Guardian: Michael Billington

Ten years of solitude

Harold Pinter is famous for his pauses. Who better to direct a play about a decade when all emotion was put on hold?

The fifties are back in fashion. Along with a Conran exhibition, From The Bomb To The Beatles, we now have a new Simon Gray play, The Late Middle Classes, that harks back to post-war values. Although it's a slow-burning work, it evokes with racking fidelity a period when emotions were as carefully rationed as eggs and butter. One also detects a touch of autobiography: like his child protagonist, Gray was born on a small Hampshire island and boasts the unusual Christian name of Holliday. And although the play is framed by two short scenes set in 1982, the bulk of the action takes place 30 years earlier. What Gray carefully charts is the repressions of the period. Holly's father is a pathologist and his mother a queen of the local tennis club, and although outwardly affectionate, their marriage contains its own subterfuges. Even more crucially, the love that Holly's bachelor Austrian music teacher clearly feels for the boy is treated as something dirtily disgusting.

In writing about the fifties, Gray consciously apes its dramatic forms. I don't mind the echoes of Rattigan or a play like Philip King's Serious Charge, in which a vicar was accused of what the News Of The World used euphemistically to call "interference". But audiences today are quicker on the uptake than in the fifties, and Gray spends too long on exposition before getting to the dramatic meat. When he does finally arrive, he has a vital point to make: that, in a repressed world, children become the vehicles of adult passion. Celia, Holly's over-bred, under-educated, emotionally starved mother constantly begs the boy to declare his love for her. And the piano teacher, tethered to his sherry-swilling immigrant mother, finds in Holly an outlet for his own thwarted affections. In the past Gray has often seemed an acerbic observer, but here he shows unusual sympathy for the sexually and emotionally solitary.

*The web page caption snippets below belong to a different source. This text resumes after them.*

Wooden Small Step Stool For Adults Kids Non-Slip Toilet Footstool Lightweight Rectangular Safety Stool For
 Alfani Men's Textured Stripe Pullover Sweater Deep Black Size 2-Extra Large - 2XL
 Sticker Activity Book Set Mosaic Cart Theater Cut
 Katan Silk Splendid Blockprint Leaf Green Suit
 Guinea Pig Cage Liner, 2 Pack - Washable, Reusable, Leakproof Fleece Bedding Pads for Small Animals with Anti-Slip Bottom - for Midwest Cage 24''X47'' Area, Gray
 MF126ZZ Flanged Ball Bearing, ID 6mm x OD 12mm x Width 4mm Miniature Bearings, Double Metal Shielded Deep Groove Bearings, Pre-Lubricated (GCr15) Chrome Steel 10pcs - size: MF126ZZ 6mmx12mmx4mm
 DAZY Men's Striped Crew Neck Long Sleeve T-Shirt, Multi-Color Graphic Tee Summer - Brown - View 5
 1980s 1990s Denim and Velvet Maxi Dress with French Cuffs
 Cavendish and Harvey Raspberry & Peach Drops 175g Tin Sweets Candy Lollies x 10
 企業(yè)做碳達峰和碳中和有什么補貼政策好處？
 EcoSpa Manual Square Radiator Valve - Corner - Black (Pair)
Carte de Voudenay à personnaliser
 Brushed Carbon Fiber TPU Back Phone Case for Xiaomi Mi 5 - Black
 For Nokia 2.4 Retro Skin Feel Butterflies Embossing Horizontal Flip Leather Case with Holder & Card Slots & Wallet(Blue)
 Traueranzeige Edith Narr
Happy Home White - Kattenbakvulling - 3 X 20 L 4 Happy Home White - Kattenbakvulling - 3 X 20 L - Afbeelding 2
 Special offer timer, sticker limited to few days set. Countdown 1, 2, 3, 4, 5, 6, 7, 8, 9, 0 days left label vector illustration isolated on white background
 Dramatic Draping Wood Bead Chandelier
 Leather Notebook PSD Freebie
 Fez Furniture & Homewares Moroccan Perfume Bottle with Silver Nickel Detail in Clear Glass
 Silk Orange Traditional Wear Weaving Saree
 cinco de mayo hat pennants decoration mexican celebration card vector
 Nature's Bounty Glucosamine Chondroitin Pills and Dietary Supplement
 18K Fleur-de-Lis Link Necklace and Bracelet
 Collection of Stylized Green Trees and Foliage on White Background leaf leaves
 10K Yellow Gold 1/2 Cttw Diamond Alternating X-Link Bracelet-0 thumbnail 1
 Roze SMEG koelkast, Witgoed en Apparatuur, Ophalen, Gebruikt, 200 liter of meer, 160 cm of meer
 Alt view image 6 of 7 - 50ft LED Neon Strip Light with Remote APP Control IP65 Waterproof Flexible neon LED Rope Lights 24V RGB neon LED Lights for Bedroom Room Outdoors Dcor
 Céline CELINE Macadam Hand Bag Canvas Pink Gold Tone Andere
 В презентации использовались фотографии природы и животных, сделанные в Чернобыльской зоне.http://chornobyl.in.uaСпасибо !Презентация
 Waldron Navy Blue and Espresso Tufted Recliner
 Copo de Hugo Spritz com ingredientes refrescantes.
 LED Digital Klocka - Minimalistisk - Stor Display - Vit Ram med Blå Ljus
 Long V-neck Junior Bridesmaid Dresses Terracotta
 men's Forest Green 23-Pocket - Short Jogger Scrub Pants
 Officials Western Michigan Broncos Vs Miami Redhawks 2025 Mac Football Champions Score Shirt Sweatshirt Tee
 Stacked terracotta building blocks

Harold Pinter, directing his eighth Gray play, also gets the details exactly right: not just the obvious things like a father's shyness about discussing sex with his son but, even more importantly, the sense of guilt that pervaded fifties life. In the play's most resonant line, Nicholas Woodeson, as the piano teacher who delights in inflicting disciplinary games on the boy, says: "It is through the punishment we shall find the sin." More than all the references to powdered eggs or the Third Programme, that line brought back to me in a flash the decade's aroma of culpability. But Woodeson's is only one in a set of first-rate performances. Harriet Walter as Celia marvellously evokes the pathos of the middle-class woman who, trained for nothing except marriage and motherhood, is forced to dramatise her own essentially vacant life. James Fleet as her pathologist husband artfully suggests a man more at ease with the dead than the living. Angela Pleasence as the piano teacher's mum, furtively hiding her drink or cowering in terror at every knock at the door, adds to the atmosphere of guilt, and Sam Bedi is simply extraordinary as the Jamesian Holly who views adult manoeuvres with unnerving impassivity.

Mae West famously liked a guy who took his time. Mr Gray certainly does that. But, in the end, he recreates the furtiveness and shame of the fifties with almost eerie exactitude.

Footnote

In a review of The Late Middle Classes' West End premiere in 2010, Libby Purves wrote in The Times: Gray’s 1999 play opens at the Donmar pre-loaded with righteous critical indignation: in its first appearance at Watford it won Best New Play, but its West End run at the Gielgud theatre was dropped to make room for a musical about a boy band (which flopped). Harold Pinter called that "an act of betrayal and disgrace to English theatre" and for once he wasn’t putting it too strongly. This play should not have been silent so long: the sadness is that its author didn’t live to see this fine production. It says something valuable about a much-mocked generation.


Report in The Guardian 13 May 1999 by Sue Quinn

The playwright and director Harold Pinter yesterday launched a vitriolic attack on one of London's West End theatres following its decision to snub his latest production, The Late Middle Classes in favour of a rock musical. Pinter described as 'an act of betrayal' and a 'disgrace to English theatre' the move by the Gielgud Theatre to abandon plans to stage his play and to opt instead for Boyband, a rock musical about a group of boys ambitious for pop stardom.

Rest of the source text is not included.